Presiding Bishop preaches on Good Friday at Salisbury Cathedral

Posted Apr 6, 2015

Good Friday
3 April 2015
Salisbury Cathedral, 1:30 pm

The Most Rev. Katharine Jefferts Schori
Presiding Bishop and Primate
The Episcopal Church

This is a journey to the mountain of death. Actually, two journeys shape this day’s remembrance. Both undergird and shape our own life’s journey to the last offering of breath.

Isaac is the long-awaited son of Abraham, the beloved heir on whom all hope is founded – and God’s test is to ask his life – oh cruelest command! What does Sarah have to say of the fate of this son for news of whom she and Abraham once laughed?

Jesus, too, is the long awaited one, who claims his mission in the already-present and still-coming kingdom. Mary’s heart is pierced as she discerns glimmers of his likely fate.

There is a donkey for each, and wood for the sacrifice. Abraham and Isaac walk on together to the mountain where God provides. Jesus goes alone, carrying the wood himself to the mount of death near where God abides. Each beloved son is bound and laid on wood, to await death. Abraham’s slaying hand is stayed by holy messenger, and Isaac replaced by a thicket-caught ram.

For the other, later son, God’s own, unholy forces collude – Judas with a dementor’s soul-sucking kiss, backroom dealing, intrigue of empire, official fearful self-defense, even a functionary’s public hand-washing – it is neither the first nor last time official forces will slay an innocent. This sacrificial lamb is caught by the head in a thicket of thorns, beaten, bloodied, bruised, and pierced – it appears there will no unblemished offering here. Yet the one who makes this sacrifice is whole inside, in ways that turn back the bile and the vile indignities and cruelty. This is the prince of peace, even in the face of all the outward violence.

That peace has already had some import, for a few women from his circle, and one young well-loved disciple, have the courage to stand and watch from a distance, like Abraham’s two young men brought to watch him make his offering. But all the others have slunk away, afraid for their own lives, avoiding any thing that intimates consorting with an enemy of Rome.

For Jesus is executed by the Empire, not the Jewish leaders. They have been much slandered through the centuries. This account of John’s is the most vehement of all, for it was written for a community of The Way, early followers of Jesus’ who were being pushed out of the synagogues for their new understandings, loyalty, and worship of Jesus of Nazareth. It is a family fight, ugly as sin, much like Jacob and Esau struggling over their inheritance. Jonathan Swift put it well when he noted that “we have just enough religion to make us hate, but not enough to make us love one another.”[1] We have more dying to do before we get enough religion.

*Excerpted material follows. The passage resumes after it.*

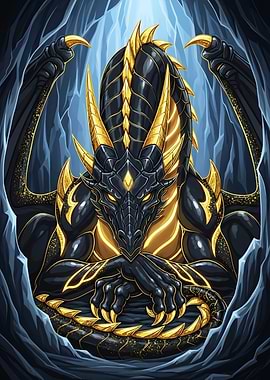 Black and Gold Dragon in Cave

When Jesus entered Jerusalem on a donkey, on his way to the Temple, he stopped to weep over the city.[2] He speaks of coming destruction because the people have missed what makes for peace – the dying to self and a growing awareness of the near presence of God in and around and among us. That is true religion.

The last acts of Jesus’ mortal life are focused on true religion. Jesus rejects violent retaliation in the garden, and heals the wounded slave whose ear has been cut off. When confronted by Annas, Caiphas, and Pilate, he lets his words speak for themselves – and goes like a lamb to the slaughter, unprotesting. His yes is yes, and his no is no. Let it be.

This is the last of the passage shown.